SAFE PREDICTIONS FOR THE YEAR.

Someone will write about the extraordinary characteristic of the Season, whether it be warm or cold.

There will be a Political Crisis in Paris on the average of once in every six weeks.

The German Emperor will continue his tours, to the great inconvenience of the Crowned Heads he favours with a visit.

Mr. Gladstone will lecture, write articles to the Magazines, fell trees, and govern the country, as per usual.

Someone will get a trifle tired of Home Rule, the Channel Tunnel, and General Booth.

A few persons will leave Europe for America, to see the Chicago Exhibition.

A crowd (more or less) will attend the Oxford and Cambridge Boat-race, the Derby, and the Private View at the Royal Academy.

Mrs. Smith (after having been presented by My Lady Brown) will present Miss Smith, Miss Elfrida Smith, and Miss Victoria Alexandra Smith, at Her Majesty's Drawing-Room.

Mr. and Mrs. Portland Snooks will give a dinner-party, which will be reported in the Society papers.

The First Nights at the Lyceum will be amongst the features of the Season.

There will be several failures at the Theatres, and also a success or two.

There will be half a dozen full-dress debates in the House of Commons, and as many important divisions.
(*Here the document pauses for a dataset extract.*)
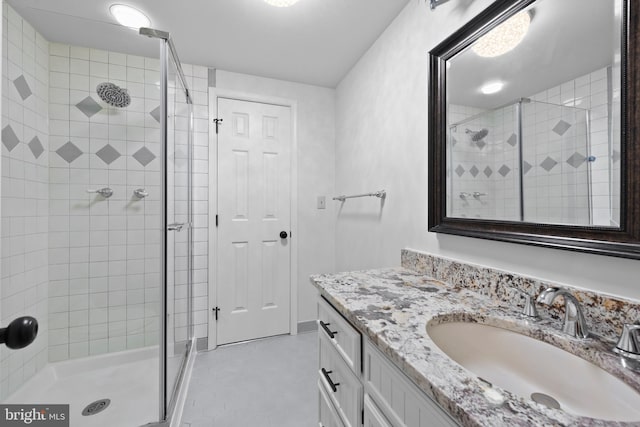 bathroom with walk in shower and vanity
The "Popular Budget" is sure, with some people, to be exceedingly unpopular.

The London County Council and the School Board will be censured by the Press.

There will be any number of railway "accidents," and avoidable "deaths by misadventure."

It will be discovered that the British Army is a myth, and that the British Navy is a snare and a delusion.

Parliament will be up in time for the partridges, even if a little late for the grouse.

Everyone will praise the United Kingdom as the land of the tourist, and promptly go abroad.

A subject of deep domestic importance will be discussed in the columns devoted to correspondence in the daily papers during the Silly Season.

A new Author will be discovered, and spring into great popularity with the Publishers, if not with the Public.

Out of every hundred novels, ten per cent. will be absorbed by the London Libraries, and the remainder carted off to the "Circulating Book Emporiums" at the seaside.

Someone will write his experiences, and expect someone else to read them.

A new Magazine will be started, to supply a want hitherto unsuspected.